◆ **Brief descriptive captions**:
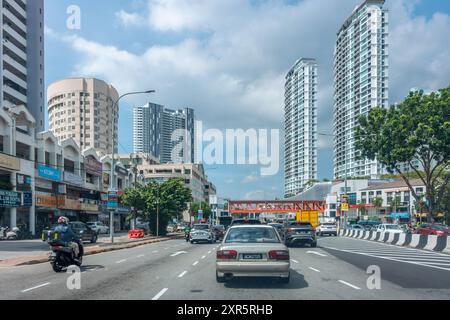 Eine Perspektive für Frontpassagiere, die durch die Straßen von George Town in Penang, Malaysia, fährt Stockfoto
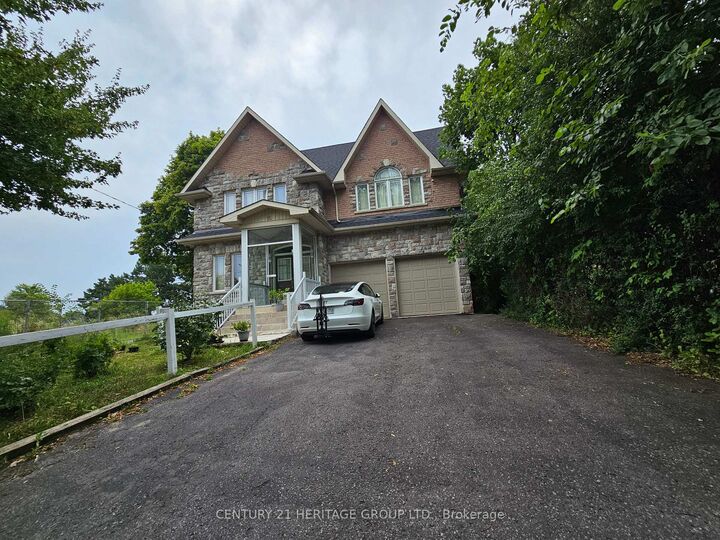 Property Photo: 15 Pleasant Avenue Bsmt ON M2M 1L8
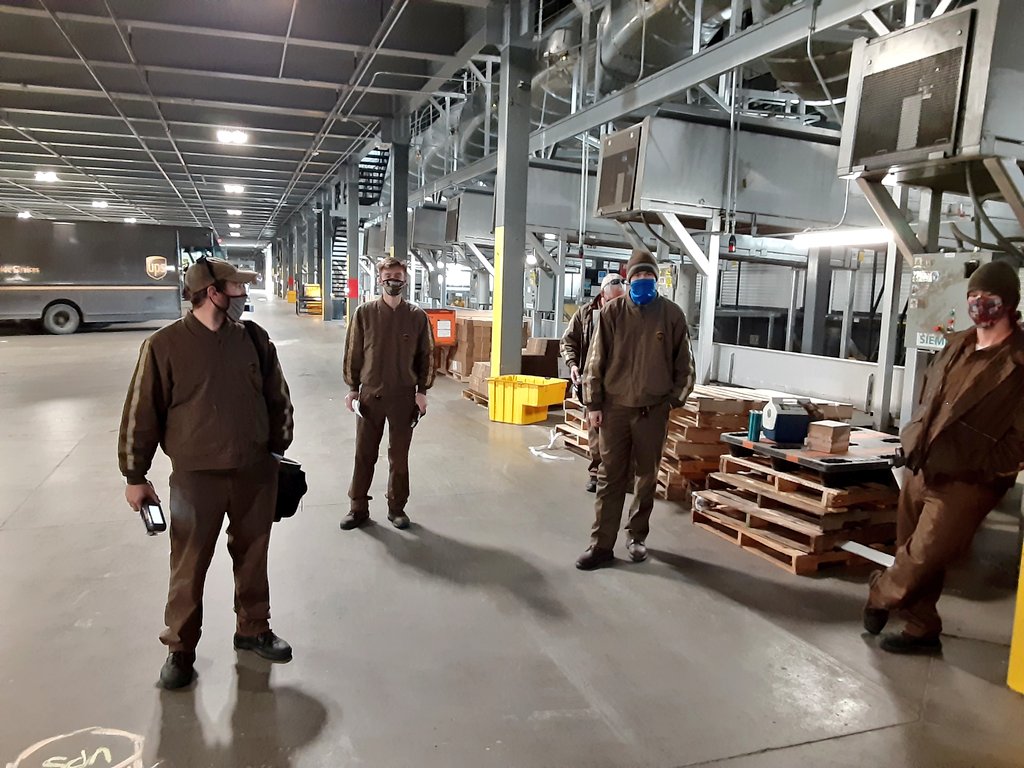 Who are you safe for? Making sure Lenexa drivers are following proper mask etiquette and cleaning their trucks! Happy Wellness Wednesday! @CP_UPSers @ta_stover @CharP_RN @UPStopekasafety @drdavisups @lenox_bryan @UPSManJohn @OCFeederSafety @UPSphoenix @kelly_gonter @CHSPKelley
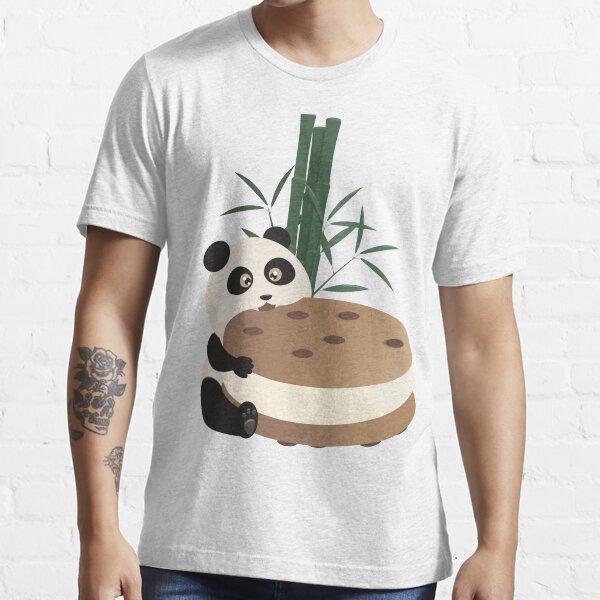 Ein Panda isst ein Eiscremesandwich Essential T-Shirt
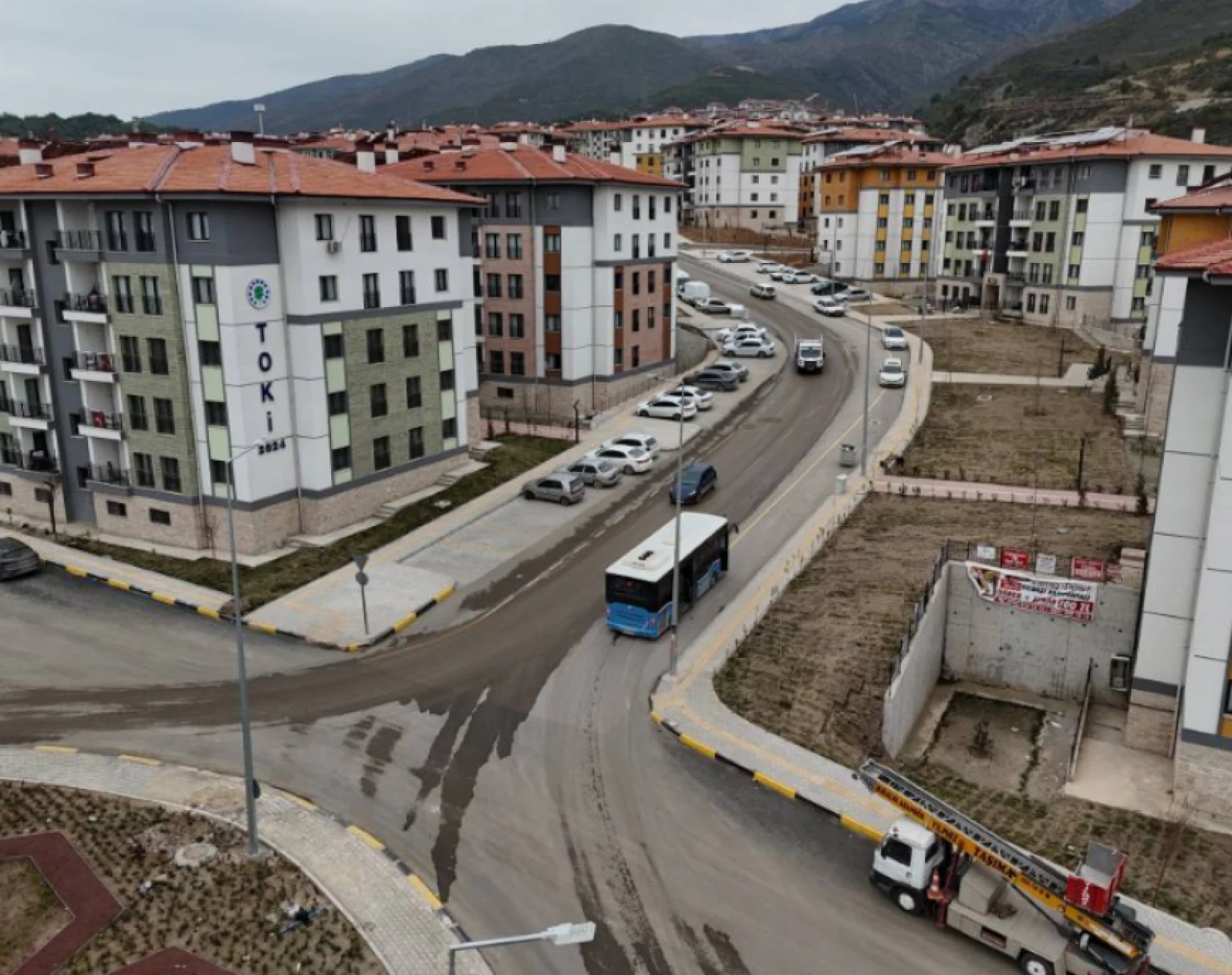 Hatay'ın 7 ilçesinde ulaşıma düzenleme geldi: Deprem konutlarına da otobüs gidecek!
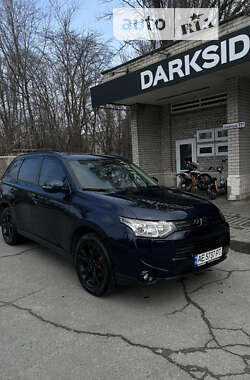 Позашляховик / Кросовер Mitsubishi Outlander 2013 в Дніпрі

◆ **Exercise aim**:
Could you transcribe exactly the lines from the line containing "Property Photo: 15" through the final line of the records, both included, and nothing beyond them? The pictures should be left out.

◆ **Solution to this exercise**:
 Property Photo: 15 Pleasant Avenue Bsmt ON M2M 1L8
 Who are you safe for? Making sure Lenexa drivers are following proper mask etiquette and cleaning their trucks! Happy Wellness Wednesday! @CP_UPSers @ta_stover @CharP_RN @UPStopekasafety @drdavisups @lenox_bryan @UPSManJohn @OCFeederSafety @UPSphoenix @kelly_gonter @CHSPKelley
 Ein Panda isst ein Eiscremesandwich Essential T-Shirt
 Hatay'ın 7 ilçesinde ulaşıma düzenleme geldi: Deprem konutlarına da otobüs gidecek!
 Позашляховик / Кросовер Mitsubishi Outlander 2013 в Дніпрі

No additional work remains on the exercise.